THROUGH the 15 years as editor-in-chief and eight years as some other kinds of editor of SunStar Davao, friends and acquaintances would often say, “You must be very brave to be in that job.”
Most often, I’d say I’m not. Simply because, I’m not really brave.
Okay, I admit, the lifestyle I chose would make other people believe I am.
As a freshman student, I joined UP Mountaineers I filed my application soon after viewing their photo exhibit. That wasn’t the norm. The norm was, friends signed in, not clueless individuals.
It was only as an applicant when I realized that if you want to take those photos, you have to be fit, and I wasn’t an adrenaline junkie, thus it was a major effort. That didn’t bother me. My focus was on the views not on my body and the speed by which I see the view.

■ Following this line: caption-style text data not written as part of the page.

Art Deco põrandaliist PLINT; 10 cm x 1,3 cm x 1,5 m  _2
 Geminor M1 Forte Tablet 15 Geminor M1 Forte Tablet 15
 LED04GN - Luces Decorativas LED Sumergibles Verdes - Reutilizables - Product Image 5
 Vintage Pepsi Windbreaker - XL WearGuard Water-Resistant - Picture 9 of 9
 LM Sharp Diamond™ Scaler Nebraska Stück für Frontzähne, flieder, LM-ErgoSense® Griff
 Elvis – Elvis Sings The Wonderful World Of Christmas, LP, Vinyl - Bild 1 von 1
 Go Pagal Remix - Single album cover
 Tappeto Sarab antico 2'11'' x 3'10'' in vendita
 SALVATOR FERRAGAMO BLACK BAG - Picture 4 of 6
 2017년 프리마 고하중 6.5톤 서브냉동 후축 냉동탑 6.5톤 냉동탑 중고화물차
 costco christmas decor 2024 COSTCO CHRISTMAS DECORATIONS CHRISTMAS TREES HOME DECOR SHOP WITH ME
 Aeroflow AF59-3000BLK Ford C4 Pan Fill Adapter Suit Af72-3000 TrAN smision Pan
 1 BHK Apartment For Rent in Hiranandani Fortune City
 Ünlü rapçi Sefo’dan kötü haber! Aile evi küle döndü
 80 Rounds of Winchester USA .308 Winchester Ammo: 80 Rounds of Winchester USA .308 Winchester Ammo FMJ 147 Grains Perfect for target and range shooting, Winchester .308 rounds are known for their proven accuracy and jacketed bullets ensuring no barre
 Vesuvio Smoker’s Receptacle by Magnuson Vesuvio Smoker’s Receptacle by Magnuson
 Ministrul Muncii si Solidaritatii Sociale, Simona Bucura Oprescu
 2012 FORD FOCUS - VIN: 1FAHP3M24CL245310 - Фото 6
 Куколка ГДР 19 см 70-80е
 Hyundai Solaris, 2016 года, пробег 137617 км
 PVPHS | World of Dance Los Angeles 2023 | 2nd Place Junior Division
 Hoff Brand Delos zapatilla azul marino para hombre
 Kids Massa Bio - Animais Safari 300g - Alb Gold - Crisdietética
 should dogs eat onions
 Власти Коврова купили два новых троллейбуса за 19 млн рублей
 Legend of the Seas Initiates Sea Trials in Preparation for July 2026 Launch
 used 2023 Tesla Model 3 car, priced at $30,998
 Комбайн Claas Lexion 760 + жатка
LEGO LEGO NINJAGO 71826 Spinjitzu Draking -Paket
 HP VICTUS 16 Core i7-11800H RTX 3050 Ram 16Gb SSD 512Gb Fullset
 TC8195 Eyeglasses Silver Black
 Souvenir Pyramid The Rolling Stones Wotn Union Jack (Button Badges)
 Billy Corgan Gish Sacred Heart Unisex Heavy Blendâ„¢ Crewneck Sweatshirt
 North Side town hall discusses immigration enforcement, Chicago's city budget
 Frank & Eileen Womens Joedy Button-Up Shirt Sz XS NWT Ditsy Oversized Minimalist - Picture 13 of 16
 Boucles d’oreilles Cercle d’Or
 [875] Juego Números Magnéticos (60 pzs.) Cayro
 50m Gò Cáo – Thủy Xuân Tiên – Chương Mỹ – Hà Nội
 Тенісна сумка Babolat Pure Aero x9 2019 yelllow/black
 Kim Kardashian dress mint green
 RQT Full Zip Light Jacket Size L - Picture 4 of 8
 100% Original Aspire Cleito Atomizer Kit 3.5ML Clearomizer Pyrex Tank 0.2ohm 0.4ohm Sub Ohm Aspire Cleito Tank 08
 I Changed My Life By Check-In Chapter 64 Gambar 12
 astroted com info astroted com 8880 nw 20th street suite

As a student activist, I occupied the frontlines, but that was because I was tasked with growing the membership but I felt responsible for all my recruits. Being at the frontlines was more of a consequence than a choice. I, again, didn’t mind the added responsibility.
Bored out of my wits after leaving Diliman, I ended up being a journalist covering insurgency because those were the days. I risked being caught in a crossfire many times, and also earned the ire of both sides. It’s scary to be in that position, but I focused on the job.
It has been that way hence. There’s a job, there’s an objective, I go, I do.
Does that mean I was never afraid? N-O, NO!
I have been afraid, very afraid... whether it was as I inched up those craggy rocks of Montalban, Rizal for our rock-climbing training and realizing that being short and chubby has its disadvantages or as I stood in yet another hinterland village where gunfire can still be heard from afar.
Or even when some angry military officer thought he can bully his way against the news written about him and brought with him a gun to threaten me with or when libel cases just came pouring in or some politician thought it worth his while to send off some death threats.
Being afraid does not mean you cannot do the task or activity that you fear. I’m even afraid of the sea and that is why I’m afraid to swim in the sea. But I scuba dive.
Bottom line, there is absolutely nothing wrong about doing something even when you are afraid. For as long as you know the task and objectives and you come prepared, then just do. You’re allowed to cry or tremble, you know.